Jamie stiffened and his gray eyes practically bulged from his head. His face went from white to red. "Perish the thought! I really would'a died o' shame then! She would nae have understood, she would've thought I was a rogue— a-a flamin' libertine!"

"Then it is a good thing it was Zoe then."

"Ey?" Jamie gave the Doctor a shocked and quizzical look.

"Cool, clinical, Zoe, for whom facts supersede feelings. Do you want her to be upset about it?"

"Nae, o'course not."

"Then why call her a robot, Jamie? Yes, I heard you. You know she's sensitive about that. You're being awfully contrary: You don't want her to be upset, yet it seems you're upset that she is not upset, then you go and make her upset."

Jamie ran a hand down his face. "I dinna ken wha' is wrong with me. I should'nae said that, I dinnae mean it." Jamie buried his head in his hands.

"Tell that to Zoe."


Jamie found Zoe at a table in the library, bent over a set of equations.

"'Ey, lass …" Jamie said, making a tentative approach.

Zoe either did not hear him or was deliberately ignoring him. Jamie was sure it was the latter. He pulled up a chair next to hers and sat down.

"Wha' are ye working on?"

"Inputs for the Tardis for more accurate navigation— not that you would understand any of that."

Jamie winced. He deserved that.

"Zoe, I'm sorry."

"For what?" She said in a clipped tone, still not looking up.

"For calling ye a robot. I ken you have feelings and I'm sorry for hurting them. You just dinnae react the way I expected a lassie to react and then with you bein' so calm about it, I felt more ridiculous, as if I was being unreasonable for bein' upset … I dinnae ken if tha' makes sense …"

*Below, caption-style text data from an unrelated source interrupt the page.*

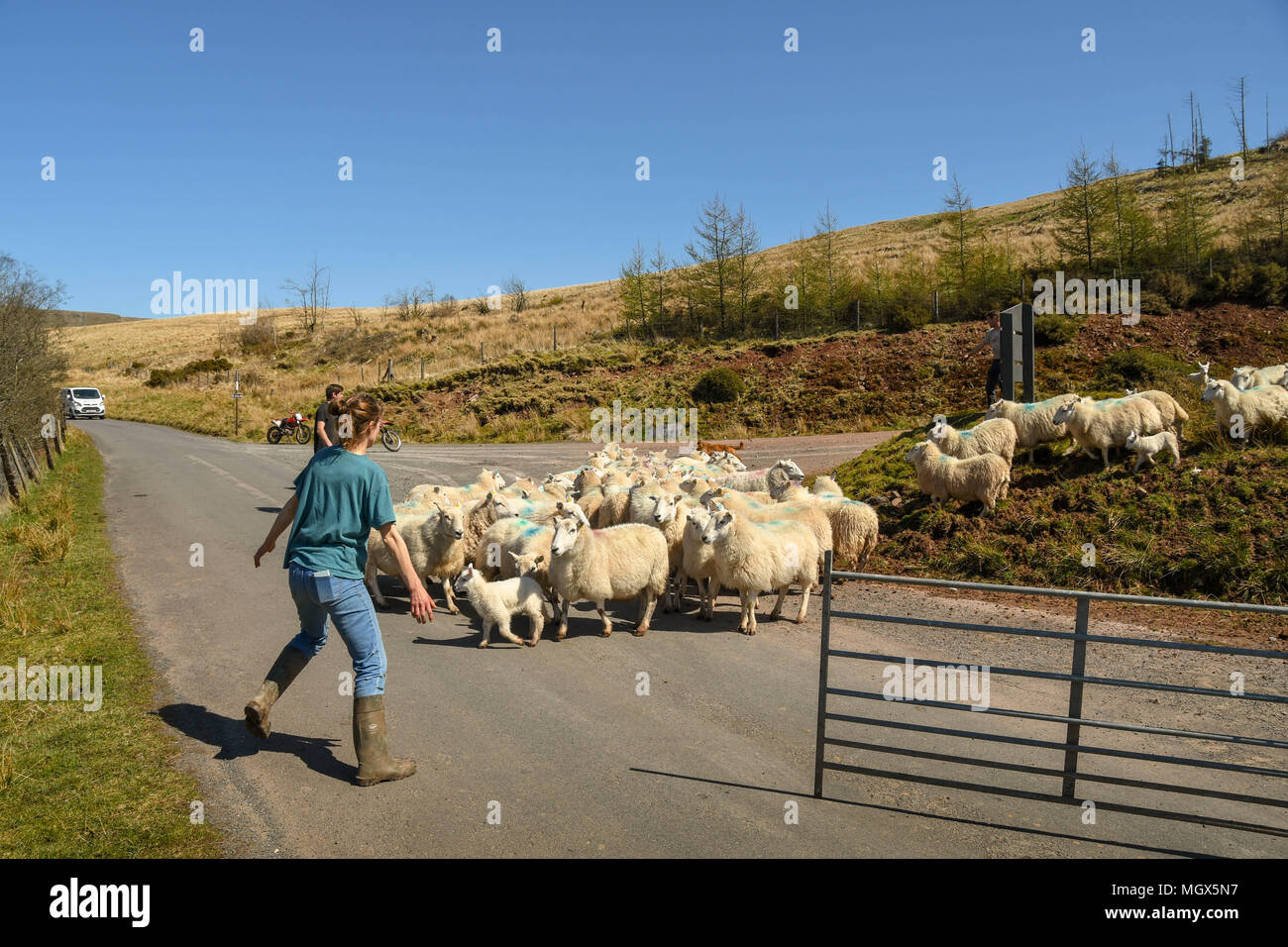 Landarbeiter hüten Schafe in einem eingezäunten Bereich Stockfoto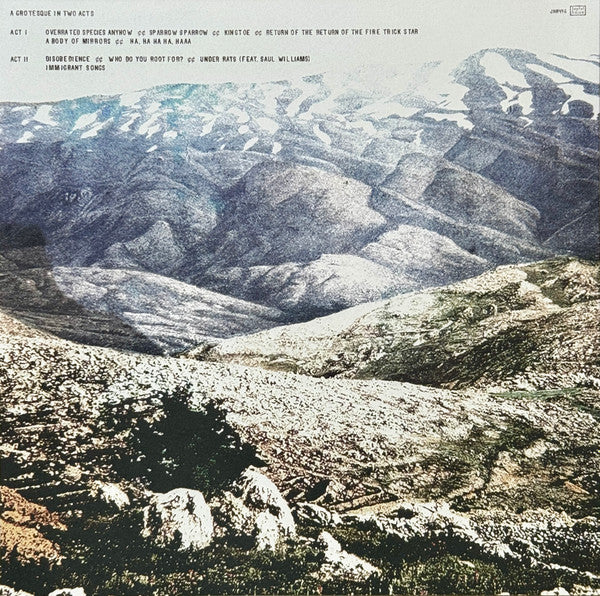 Deerhoof - Noble And Godlike In Ruin (LP) - Velvet Music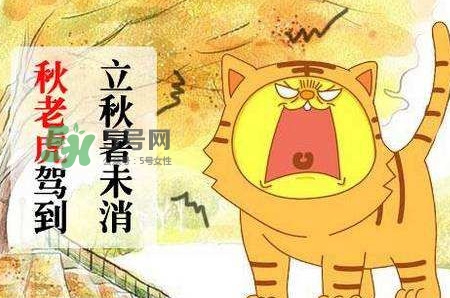 秋老虎熱嗎？末伏熱還是秋老虎熱？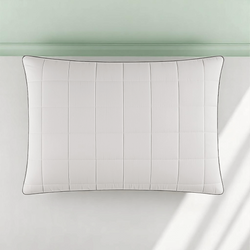 0004629-dogal-lifli-nefes-alabilen-terleme-onleyen-bamboo-visco-fermuarli-yikanabilir-kilifli-yastik.png 0004629-dogal-lifli-nefes-alabilen-terleme-onleyen-bamboo-visco-fermuarli-yikanabilir-kilifli-yastik.png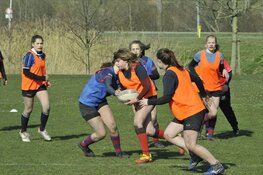 Girls rugby festival Bulldogs Almere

Zoe finally looked at him.

"What happened . . . I'm sorry I put you in that position." Zoe mentally chastised herself for the accidental double entendre, though she was sure it went over Jamie's head.

Jamie cleared his throat. It hadn't.

"You don't need to feel bad. It wasn't your fault. As I said, you're a normal, healthy young man, it was a natural thing to happen, logical even, given the circumstances. It could've happened with any woman—" A shadow flitted across Zoe's mind. She knew what she said was fact, yet she felt a sting of annoyance. What was that about? She pushed it aside, she'd analyze it later.

"I didn't show you my feelings because I wanted to spare yours. Logically, I thought the less emotional I was about it, the quicker you would be at ease and let it go. Of course, count on you to defy all logic."

"Oh … " Jamie considered the surface of the table as he took in what she just said. After a moment's ponder he turned back to the young woman with a thoughtful, slightly awestruck expression. "You're unlike any lass I've ever met, Zoe Heriot."

A soft smile with a hint of playfulness appeared on Zoe's lips. "I'll take that as a compliment." Zoe stretched out her hand. "Friends?"

Jamie gave her a sheepish smile in return and eagerly took her tiny hand in his. "Friends."

They held each other's gaze as they held hands. Jamie thought how pleasant her soft, wee hand felt in his. Zoe thought how often that warm hand took hers when there was danger, leading her to safety.

Zoe have herself a mental shake and tugged lightly at her hand. Jamie let go. "Now, let's agree to never speak of this again. As illogical as it may seem, we will pretend it never happened. Okay?"

"Aye, agreed!" Jamie said with an eager bob of his head.

"Ah, Jamie, Zoe, you're in here," the Doctor poked his head in. "Excellent! And just in time, we've landed."

Jamie rose from his seat with a mock long-suffering sigh. "Och, let's see wha' fresh Hell he's landed us in this time."

A giggle burst out of Zoe.

"Oh, don't encourage him, Zoe. I can control where the Tardis ends up."

"At least you can now that I've finished my calculations." Zoe held up her paper.

The Doctor looked sheepish as he took the proffered paper.

"Come on, you two," he grumbled.

Zoe and Jamie shared amused smiles and followed the Doctor out.